Why don't we just use BitTorrent for videos? Popcorn time works reasonably well and we don't need a social layer, there are already plenty of them. I d like to see everything that i like being seeded with care by its owners
Because people don't care about the actual videos, it's the social aspect drives these sites. You could upload a video of paint drying and get an active comment thread going on some sites.
Maybe. But you can have that even if YouTube was just a frontend for torrents. I care about some of the videos, eg lectures interesting conferences etc,
Not exactly, no. It uses Webtorrent, which is a WebRTC-layer port of the Bittorrent protocol. The Webtorrent and Bittorrent protocols are incompatible, despite hashes being the same.

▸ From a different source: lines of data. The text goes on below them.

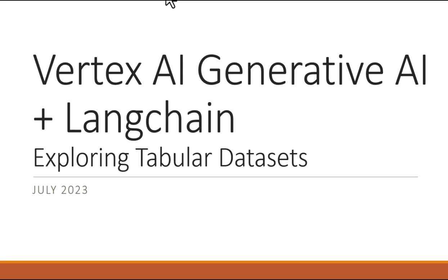In this video, you've seen how easy it is to use Vertex AI Generative AI, along with Langchain and the pandas library in Langchain to explore a tabular dataset using simple English language. Thank you.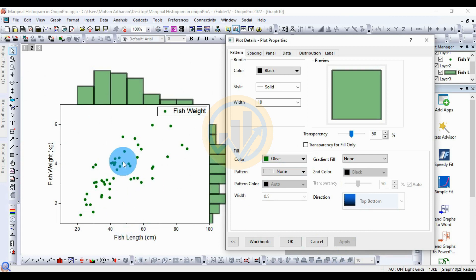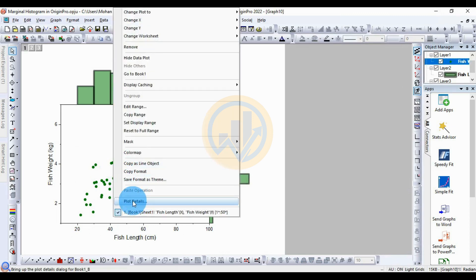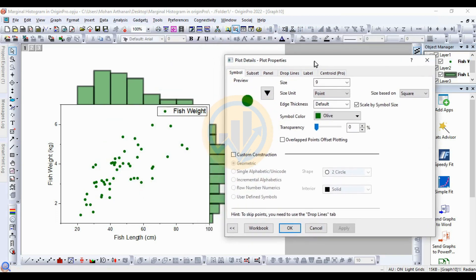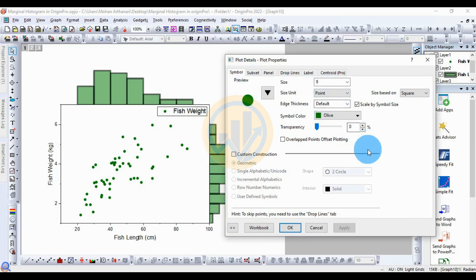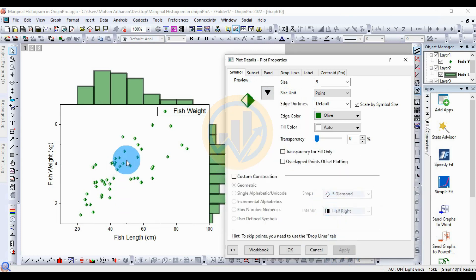Next, customize the scatter plot symbols. Right-click on the scatter plot and choose Plot Details. Open the Symbol sub-menu to see a preview of available symbol options. Click the button to see many different symbol choices and select your preferred symbol, then click Apply to change it.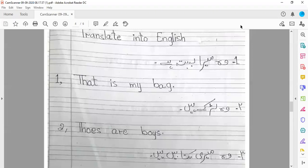Sentence number two: वो लड़के हैं। लड़के की बात हो रही है — plural की बात है, बहुत सारे हैं — तो इसके साथ 'those' use करेंगे। Those are boys.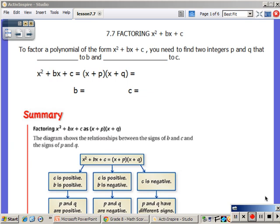For our next section, we are still looking at factoring. However, notice what we are factoring. We are factoring x squared plus bx plus c, so we are going to be factoring trinomials. I see three terms there: a squared term, a plain term, and then a constant.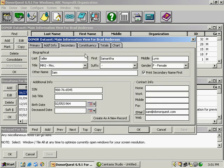The secondary tab contains information for a spouse or significant other and we have a create as a new record button down here. So if this couple ever begins to give separately you can actually take the information here on the secondary tab and have it copied into a brand new donor account.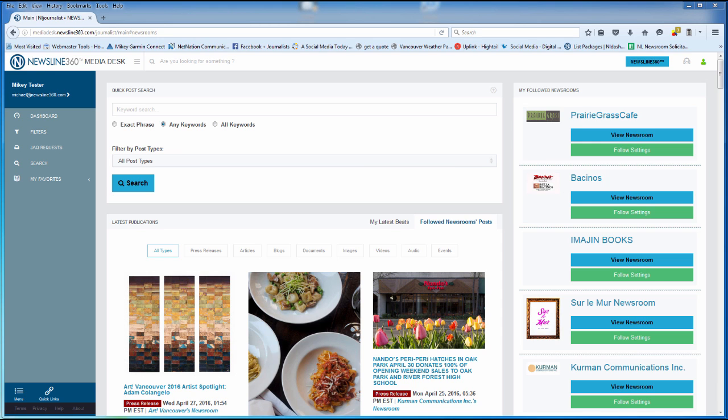The Media Desk for Journalists has an array of powerful tools, all of which will be covered in separate mini segments.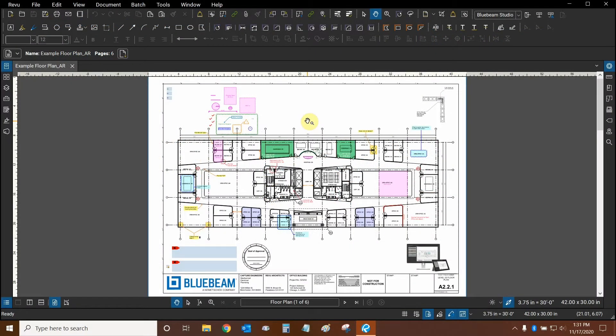Hi everyone and welcome to Bluebeam Review. My name is Ari and I'm a Bluebeam Certified Instructor with Digital Drafting Systems. Today we're going to be discussing replies and alerts.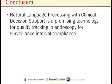The conclusion is that natural language processing with clinical decision support is a promising technology for quality tracking of endoscopy for surveillance interval compliance. I'd like to thank you for taking the time to listen to the video today and invite you to submit any questions related to the study to me personally. Thank you.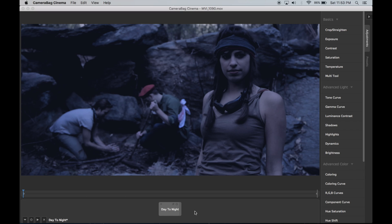Then of course you could export it to a LUT and use it any number of ways with that. But those are the basics. Hope you like it and enjoy Camerabag Cinema.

With libtorrent starting to support Webtorrent, we should "soon" see a new generation of torrent clients who can bridge the gap between those two protocols.
The main reason is because Bittorrent doesn't have a "social networking" layer like ActivityPub fediverse has, for user/channel following, comments, etc... We could (should?) build a Popcorn Time "social" UI using RSS feeds and some semantic metadata to discover content, but that just isn't there yet. You suggest we don't need it, but what do you use for that purpose?
Peertube reuses an established social networking protocol, adding Bittorrent-like P2P video seeding on top (using Webtorrent protocol, not Bittorrent), taking the best of both worlds in a "low(er)-effort" manner.
In absolute, they are orthogonal problems. But as soon as your video platform has user accounts, playlists and comments, they become the very same thing: a PubSub platform with users exchanging different types of contents.
Many of the popular centralized platforms we have today became popular due to integration with standard 3rd-party tooling such as email, RSS... Now that youtube has shut down RSS feeds, i need an account an API key to simply download videos from my favorite artists... or i can parse the website like youtube-dl but then i need to upgrade my code (or dependencies) every few weeks because Google intentionally broke it to prevent 3rd party clients from existing at all.
With a service like Peertube, i can hit the public API directly, and the API is the protocol. So there is technically very little difference between making a Mastodon or Peertube client, and that's why they can talk to one another. But that Mastodon can interact with Peertube is not only useful to users, it's an overall very good indicator that Peertube can be interfaced reasonably-well with other tools/systems because it's a website and websites are intended to be parsed, if only by a web browser.
So i don't really understand your point. Are you against social networking as part of a video platform, at all, and just want a raw content-addressed storage pool of videos (Bittorrent)? Do you personally not wish to use 3rd party integrations (like Mastodon comments)? If so, why is it a bad thing for others?
Not that it seems to do much. Every time I have used it I have only been connected to the server peer. I doubt there are many people with an active tab open for a particular video.
It may be because noone else was watching that video, or because your browser doesn't support WebRTC, or because your browser blocked the 3rd party request to the STUN server for peer discovery. In any case, the server could and should have other peer instances seed its content ; if that's not the case, you could contact the instance admin and suggest they get that kind of replication going to ease distribution.